Re: code generation and RDF support in TinkerPop 4

2021-06-03 Thread Joshua Shinavier
Hi Pieter,


On Thu, Jun 3, 2021 at 9:40 AM pieter gmail  wrote:

> Hi,
>
> Just to understand a bit better whats going on.
>
> Did you hand write the dragon yaml with the antlr grammar as input?
>


Yes, the YAML was written by hand, and based pretty closely on Gremlin.g4.
You can see Stephen's ANTLR definitions inline with the YAML as comments. I
also took some direction from the Java API.




> Did you generate the java classes from the yaml using dragon or
> something else?
>


Yes, the Java classes are currently generated using Dragon. I'm limiting
the generated code to Java for now (other possible targets being Scala and
Haskell) just to keep diffs to a reasonable size, and because a new,
open-source solution is needed to replace Dragon. My current thinking is
that the new transformation framework will be separate from TinkerPop, as
it will serve non-graph as well as graph use cases. For now, you can think
of the code generation as a bootstrapping strategy.

Josh




>
> Thanks
> Pieter
>
> On Thu, 2021-06-03 at 07:48 -0700, Joshua Shinavier wrote:
> > Hello all,
> >
> > I would like to take some concrete steps toward the TinkerPop 4
> > interoperability goals I've stated a few times (e.g. see TinkerPop
> > 2020
> > from last year).

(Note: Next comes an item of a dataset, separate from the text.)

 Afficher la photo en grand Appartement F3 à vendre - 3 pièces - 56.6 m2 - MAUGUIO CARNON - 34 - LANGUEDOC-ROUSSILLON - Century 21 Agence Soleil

At
> > a
> > meetup  a
> > couple
> > of months ago, I demonstrated an approach for generating TinkerPop
> > APIs
> > consistently into different languages. I have started to check in
> > some of
> > that generated code in a branch (see my commits here
> > <
> https://github.com/apache/tinkerpop/commits/TINKERPOP-2563-language/gremlin-language
> > >)
> > and add bits and pieces for RDF support, as well.
> >
> > The Apache Software Foundation asks us to discuss any significant
> > changes
> > to the code base on the dev list. Since these steps toward TP4 will
> > be
> > major changes if and when they are merged into the master branch, I
> > will
> > start discussing them here. Expect occasional emails from me about
> > the
> > various things I will be doing in the branch. I absolutely invite
> > comments,
> > feedback, and actual discussion on these design proposals, but even
> > if it's
> > just me issuing self-affirming statements into the void like the King
> > of
> > Pointland, I will just carry on, because that's how this process
> > works.
> >
> > A brief summary of the changes so far:
> >
> >
> >- *Abstract specification of Gremlin traversals*. I have turned
> >Stephen's Gremlin.g4
> >
> > <
> https://github.com/apache/tinkerpop/blob/TINKERPOP-2563-language/gremlin-language/src/main/antlr4/Gremlin.g4
> > >
> >ANTLR grammar into an abstract specification of Gremlin traversal
> > syntax
> >using the Dragon (YAML-based) format. Unfortunately, it is looking
> > very
> >unlikely that Dragon will become available as open-source
> > software, so you
> >can expect this YAML format to change just slightly once we have a
> > new
> >Dragon-like tool for schema and data transformations. More on that
> > later.
> >Right now, the syntax specification can be found here
> >
> > <
> https://github.com/apache/tinkerpop/tree/TINKERPOP-2563-language/gremlin-language/src/main/yaml/org/apache/tinkerpop/gremlin/language/model
> > >,
> >although the file path might change in the future.
> >
> >
> >- *Traversal DTOs*. Based on the abstract specification, I have
> >generated Java classes for building and working with traversals.
> > The
> >generated files can currently be found here
> >
> > <
> https://github.com/apache/tinkerpop/tree/TINKERPOP-2563-language/gremlin-language/src/gen/java/org/apache/tinkerpop/gremlin/language/model
> > >.
> >These are essentially POJOs or DTO classes, with special
> > boilerplate
> >methods for equality, pattern matching over alternative
> > constructors, and
> >modification by copying (since the instances are immutable). These
> > classes
> >allow you to build traversals in a declarative way, while all of
> > the logic
> >for evaluating traversals goes elsewhere. Support for
> > serialization and
> >deserialization for traversals is to be added in the future -- and
> > the same
> >goes for all other classes generated in this way.
> >
> >
> >- *RDF 1.1 concepts model*. RDF support was part of TinkerPop from
> > the
> >beginning, but it was de-emphasized for TinkerPop 3 due to other
> > priorities
> >such as OLAP. For years, developers have been asking us for better
> >interoperability with RDF. While we do have some query-level
> > support for
> >RDF these days in sparql-gremlin, we no longer have any data-level
> > support,
> >e.g. supporting loading RDF data into a property graph and getting
> > it back
> >out, evaluating Gremlin traversals over RDF datasets, etc. These
> > things are
> >not especially hard to do, in certain limited ways, but 

Re: code generation and RDF support in TinkerPop 4

2021-06-03 Thread pieter gmail
Hi,

Just to understand a bit better whats going on.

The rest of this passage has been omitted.